At its core – this is the quintessential JRPG. There is cool music, dungeons to explore, towns to visit, weapons and armour to buy, and battles, and battles, and battles, and battles, and the occasional level up! You start your quest as a descendent of the great warrior Erdrich, a warrior who sought out and destroyed the dragonlord of the past (specifically the one from Dragon Warrior III)! You must search over the world to collect all of Erdricks’ old armour and weapons, and finally face off against the dragonlord once again and defeat him – simple but effective story!

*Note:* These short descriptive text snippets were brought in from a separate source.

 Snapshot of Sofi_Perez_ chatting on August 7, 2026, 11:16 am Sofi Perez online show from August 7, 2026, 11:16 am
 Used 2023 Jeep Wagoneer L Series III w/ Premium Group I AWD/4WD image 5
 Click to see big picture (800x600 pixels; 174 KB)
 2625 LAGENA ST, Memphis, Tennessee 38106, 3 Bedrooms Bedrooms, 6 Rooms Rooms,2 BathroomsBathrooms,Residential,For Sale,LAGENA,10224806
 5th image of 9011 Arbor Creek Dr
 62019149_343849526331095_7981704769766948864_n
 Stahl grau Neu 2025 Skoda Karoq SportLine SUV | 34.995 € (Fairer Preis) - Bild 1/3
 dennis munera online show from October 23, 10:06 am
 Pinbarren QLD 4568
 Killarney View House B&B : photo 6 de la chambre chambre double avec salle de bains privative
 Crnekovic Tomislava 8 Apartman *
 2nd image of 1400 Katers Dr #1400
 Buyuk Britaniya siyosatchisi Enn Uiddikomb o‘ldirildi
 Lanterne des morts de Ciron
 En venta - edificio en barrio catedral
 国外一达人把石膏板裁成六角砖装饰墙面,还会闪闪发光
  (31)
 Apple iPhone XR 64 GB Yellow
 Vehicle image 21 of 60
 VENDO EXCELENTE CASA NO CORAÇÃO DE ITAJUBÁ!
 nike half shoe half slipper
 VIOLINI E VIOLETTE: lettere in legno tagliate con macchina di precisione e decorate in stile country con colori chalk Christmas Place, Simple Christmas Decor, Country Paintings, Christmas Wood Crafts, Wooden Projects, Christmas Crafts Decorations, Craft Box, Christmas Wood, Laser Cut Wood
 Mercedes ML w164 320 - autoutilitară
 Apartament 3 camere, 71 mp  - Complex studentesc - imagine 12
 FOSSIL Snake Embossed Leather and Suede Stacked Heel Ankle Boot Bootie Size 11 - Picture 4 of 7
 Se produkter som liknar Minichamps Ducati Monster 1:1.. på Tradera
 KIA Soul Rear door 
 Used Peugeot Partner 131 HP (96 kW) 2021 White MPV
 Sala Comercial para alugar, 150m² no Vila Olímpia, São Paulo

In terms of gameplay, this game plays like many RPGs – you move around from a topdown perspective and explore the world. What makes this game unique compared to many other RPGs that came after is that the world is very much open-world…kinda like Skyrim in a very basic sense. The further that you get from the main castle, the harder the enemies become – but there is nothing specifically preventing you from exploring apart from difficult enemies. I really enjoyed this because it gave the world a real sense of danger, and made gaining levels and getting new equipment exciting as I was able to go further in the world as my character evolved, helping me to discover that next town or venturing to the lowest level of a dungeon.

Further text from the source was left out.